Fred Vasseur: Ferrari setzt alles aufs Q3 und kämpft um Leclercs Motor
Ferrari-Teamchef Fred Vasseur sprach nach dem Trainingstag über die Performance von Ferrari und darüber, worauf es für ein erfolgreiches Wochenende ankommt. Und wie der Stand beim Leclerc-Motor ist.

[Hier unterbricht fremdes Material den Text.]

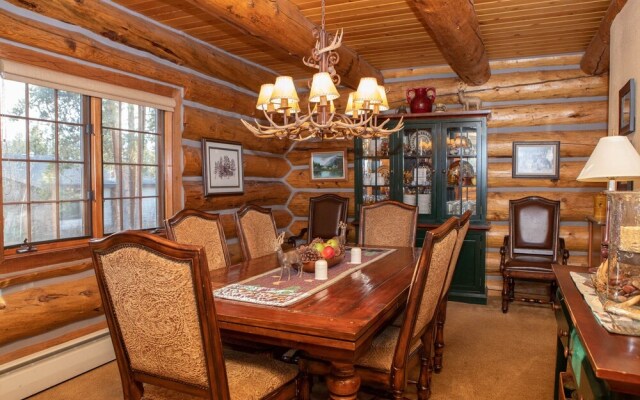 13 Bear Tree Court 5 Bedroom Home by RedAwning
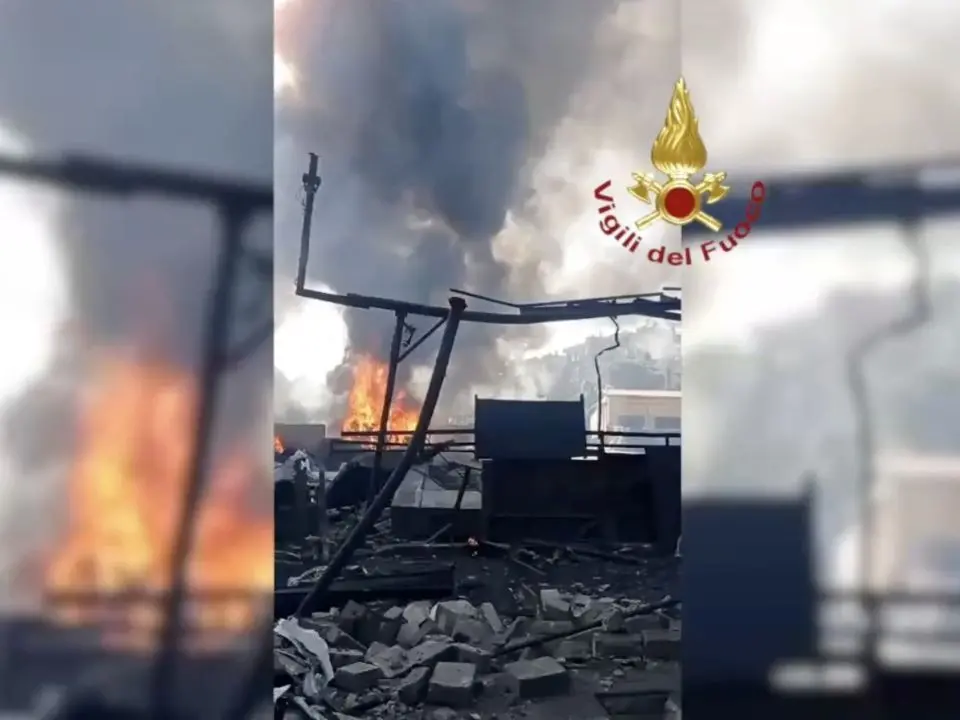 Roma, esplosione in un distributore di carburanti: 40 feriti. Evacuato un centro estivo per bambini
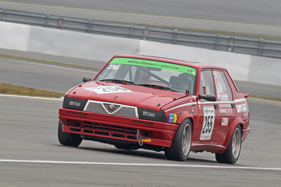 Alfa Romeo 75 V6 (1990) Im Feld der Scuderia Alfa Classico am RGB Saisonfinale 2018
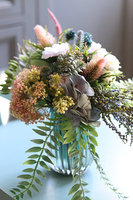 Jasmina Pinte, bukiet kwiatowy w szklanym wazonie, wys.27cm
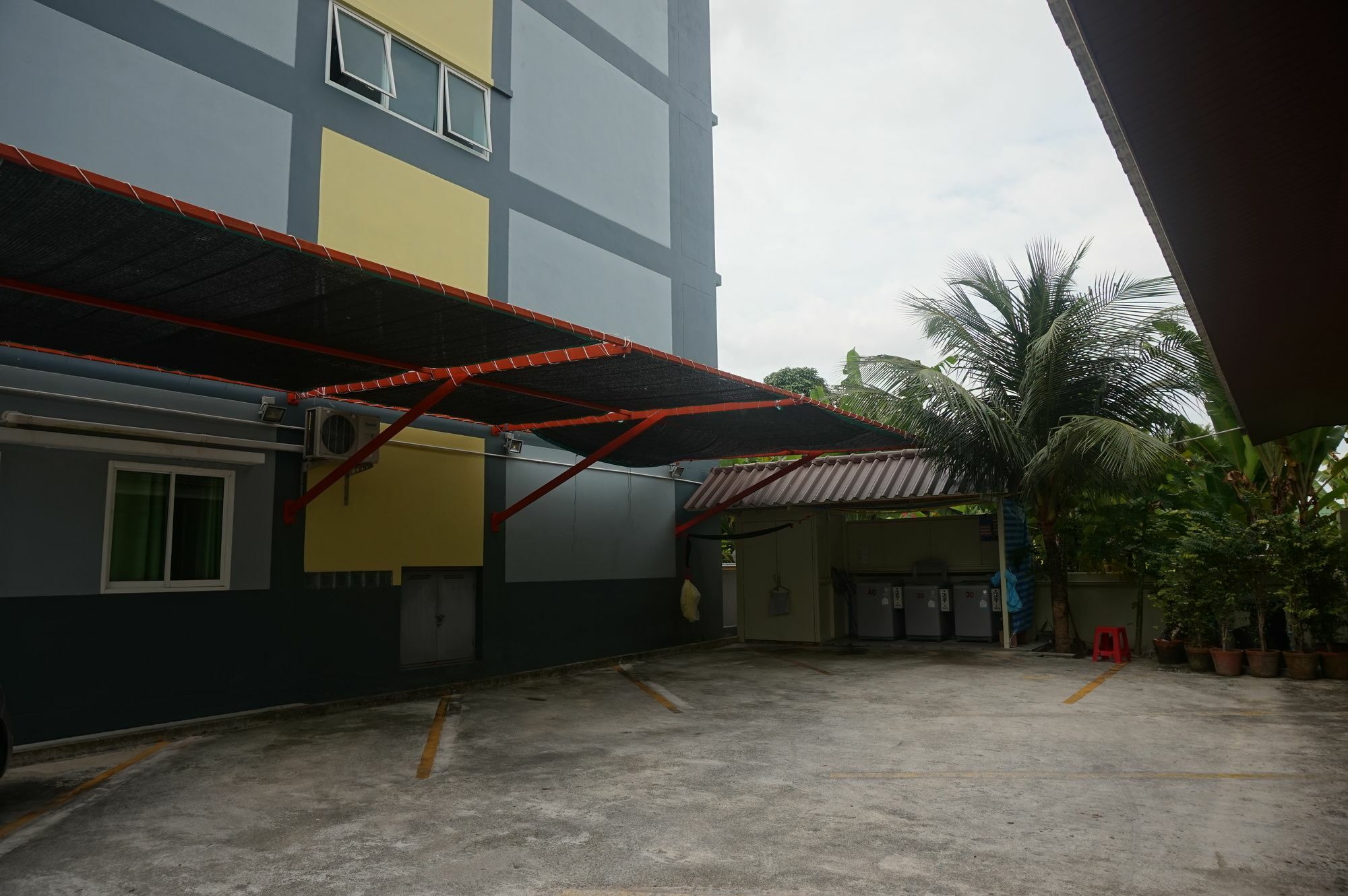 Appartamento Nasa Mansion Phuket Esterno foto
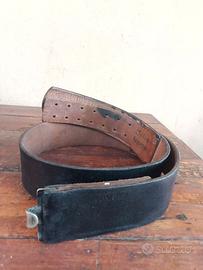 Cinturone militare in cuoio. Tedesco.
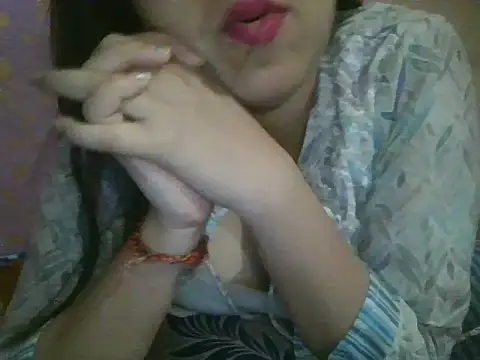 Snapshot of Qween_Seelu chatting on 24, 7, 2026 Qween Seelu online show from 24, 7, 2026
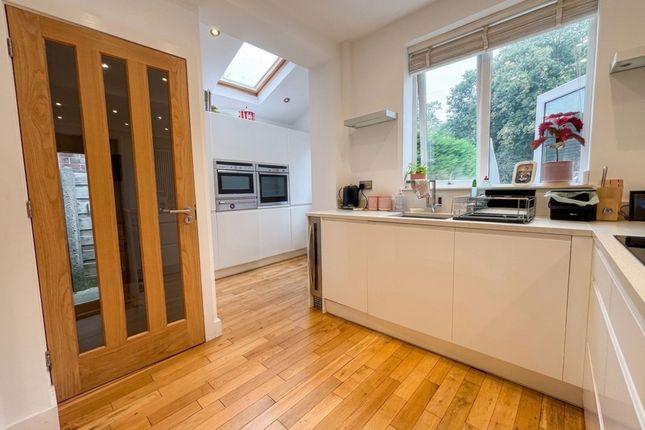 27 Ryecroft Lane, Manchester photo 4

Im ersten freien Training von Madrid lief es für Ferrari nicht spitzenmäßig, aber insgesamt ziemlich überzeugend. Im FP1 belegten die Ferrari die Ränge 3 (Charles Leclerc) und 4 (Lewis Hamilton), mussten sich nur Mercedes geschlagen geben, die ihre schnelleren Zeiten auf weichen Reifen setzten. Im FP2 wurde Leclerc Zweiter, Hamilton Dritter. Ist die Scuderia also auf dem richtigen Weg, um auf dem Madring um den Sieg mitzufahren?
Was zählt, ist das Q3
Ferrari-Teamchef Fred Vasseur erklärte am Freitagabend im Fahrerlager von Madrid die Herangehensweise des italienischen Traditionsrennstalls: «Ich denke, die richtige Abstimmung ist die, mit der wir im Qualifying fahren werden, nicht im freien Training.» Klar, da zählt’s! Vasseur: «Wir wissen, dass sich die Strecke stark verändern wird, sogar während der Session. Das Wichtigste ist, den Grip in Q3 vorauszusehen und für Q3 bereit zu sein – es macht keinen Sinn, im freien Training der Beste zu sein, aber nicht im Qualifying.» Die Trainingszeiten sollte man also nicht überbewerten – was zählt, ist das Finale um die Pole.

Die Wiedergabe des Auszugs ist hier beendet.